- Task directions: Output must consist only of the lines of the material below from the one with "研发团队必看：2026年最受欢迎的5大Jira管理工具推荐" through the one with "Immigrants from South", each reproduced exactly; no pictures belong in it.

- Source records:
'''

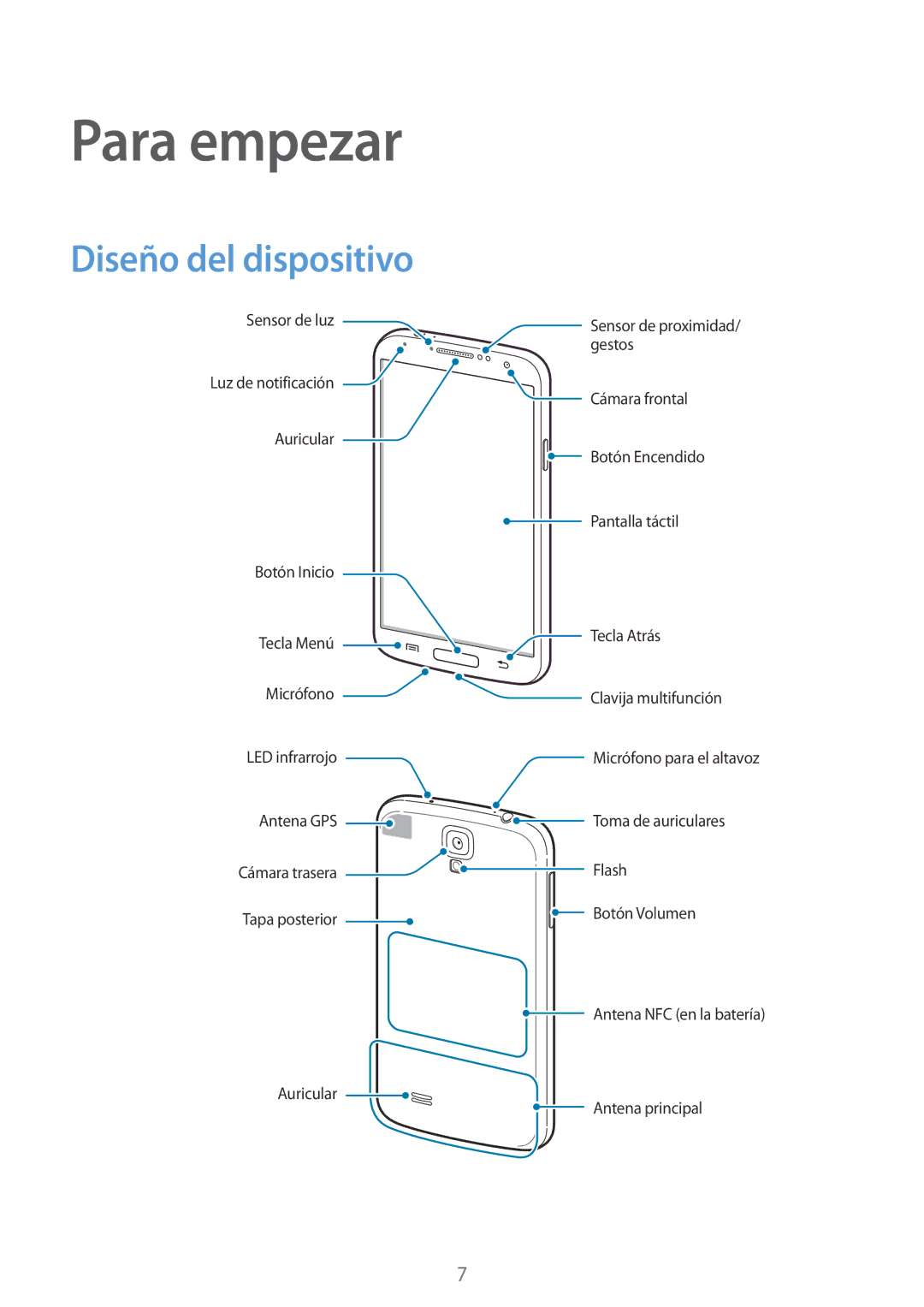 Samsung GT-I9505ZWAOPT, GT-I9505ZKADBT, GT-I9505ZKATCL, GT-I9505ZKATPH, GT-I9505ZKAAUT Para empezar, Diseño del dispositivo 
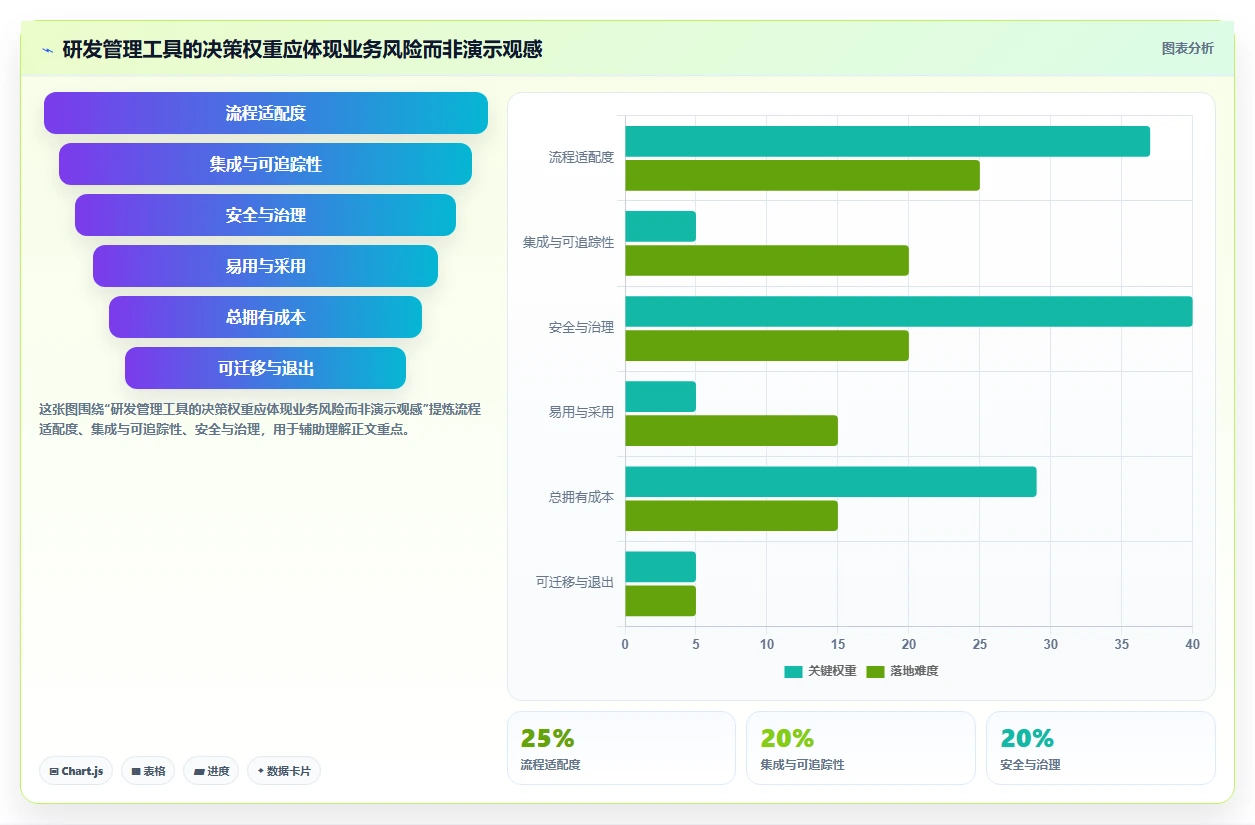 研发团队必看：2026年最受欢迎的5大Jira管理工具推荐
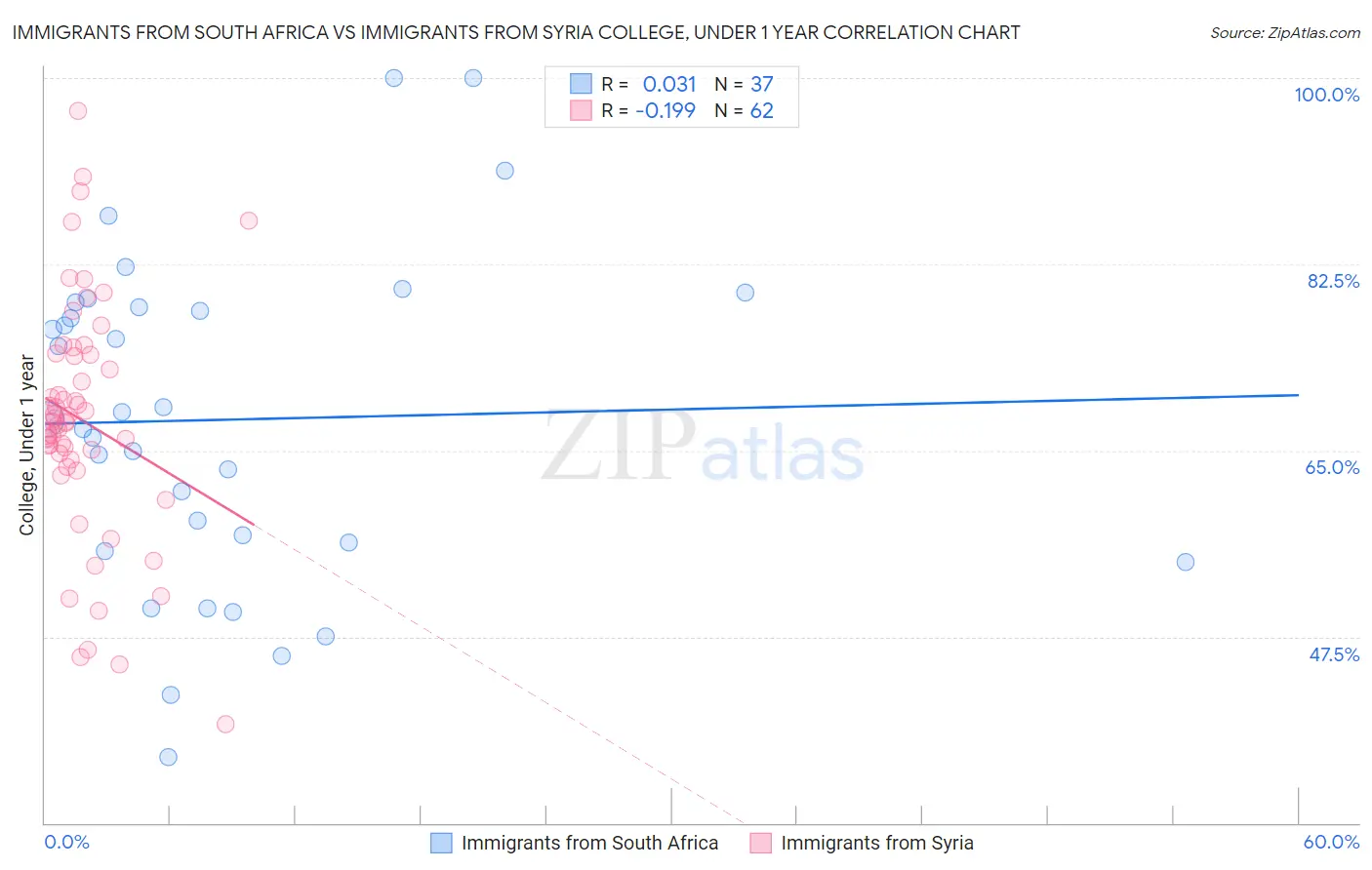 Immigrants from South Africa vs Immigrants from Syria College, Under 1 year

'''
'''

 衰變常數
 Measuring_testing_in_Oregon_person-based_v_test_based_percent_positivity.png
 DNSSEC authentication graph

'''
'''

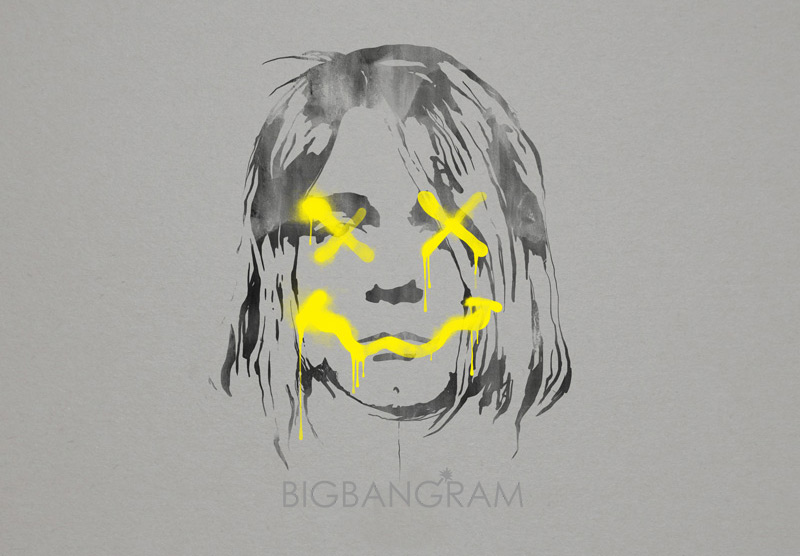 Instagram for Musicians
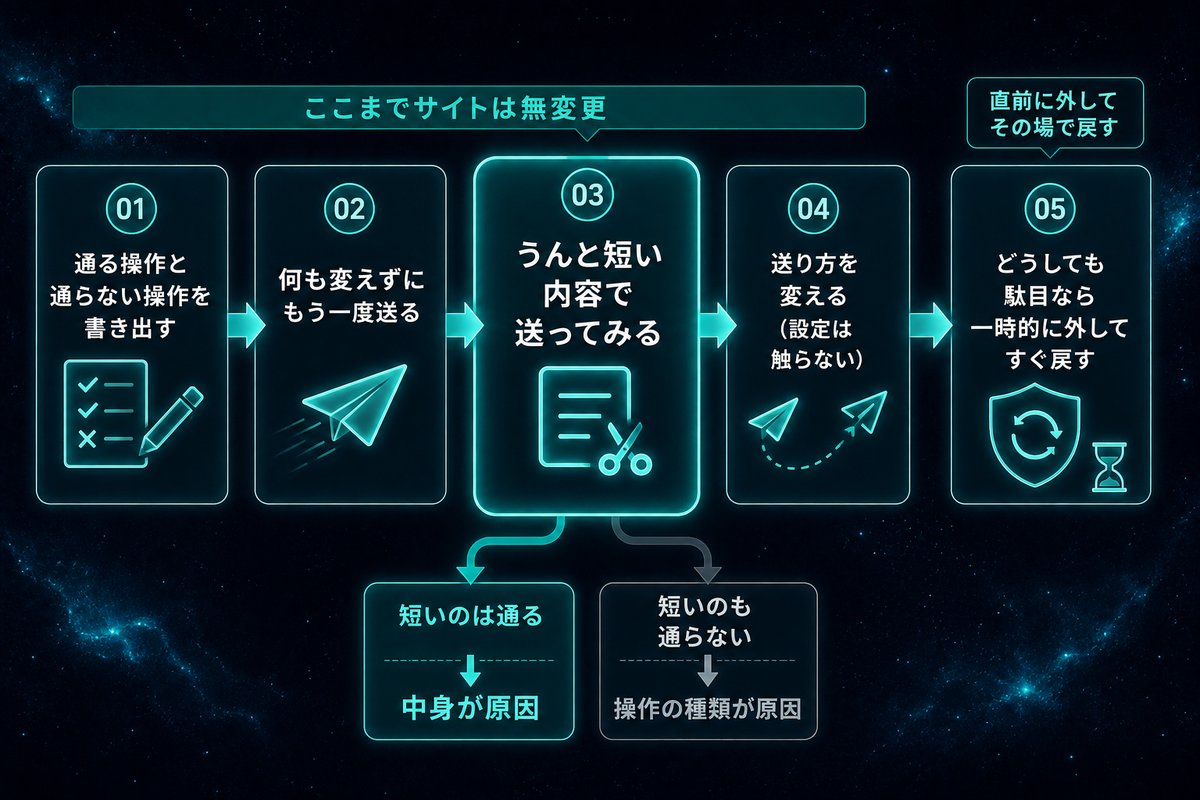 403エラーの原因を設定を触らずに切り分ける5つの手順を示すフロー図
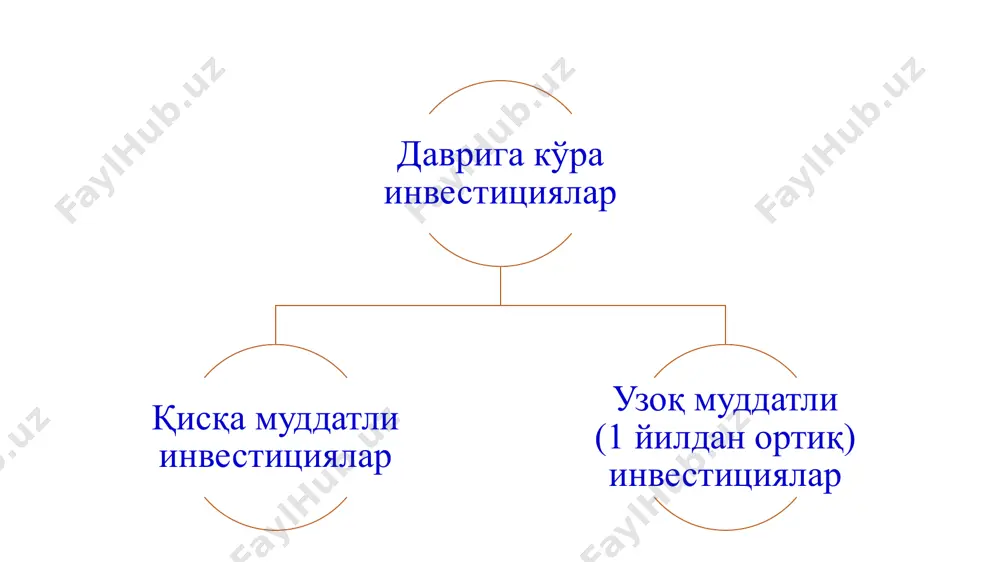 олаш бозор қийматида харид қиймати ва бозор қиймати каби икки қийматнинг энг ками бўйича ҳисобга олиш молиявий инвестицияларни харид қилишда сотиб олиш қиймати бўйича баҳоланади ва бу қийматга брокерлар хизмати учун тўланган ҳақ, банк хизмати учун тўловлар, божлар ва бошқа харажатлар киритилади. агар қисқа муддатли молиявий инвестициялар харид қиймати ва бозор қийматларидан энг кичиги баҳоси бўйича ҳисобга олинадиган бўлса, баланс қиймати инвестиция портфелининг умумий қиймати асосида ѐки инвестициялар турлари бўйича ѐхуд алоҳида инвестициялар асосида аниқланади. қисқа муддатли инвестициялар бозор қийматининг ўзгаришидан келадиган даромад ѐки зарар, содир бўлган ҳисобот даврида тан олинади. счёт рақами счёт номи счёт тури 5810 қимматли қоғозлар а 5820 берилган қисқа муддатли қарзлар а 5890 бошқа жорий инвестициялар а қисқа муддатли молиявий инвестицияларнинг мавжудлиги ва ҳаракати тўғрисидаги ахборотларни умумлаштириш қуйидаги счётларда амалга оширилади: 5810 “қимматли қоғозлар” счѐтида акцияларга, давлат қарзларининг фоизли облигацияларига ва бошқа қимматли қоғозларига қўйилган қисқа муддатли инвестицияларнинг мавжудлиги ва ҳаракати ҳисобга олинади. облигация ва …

'''

- Response to the exercise:
 研发团队必看：2026年最受欢迎的5大Jira管理工具推荐
 Immigrants from South Africa vs Immigrants from Syria College, Under 1 year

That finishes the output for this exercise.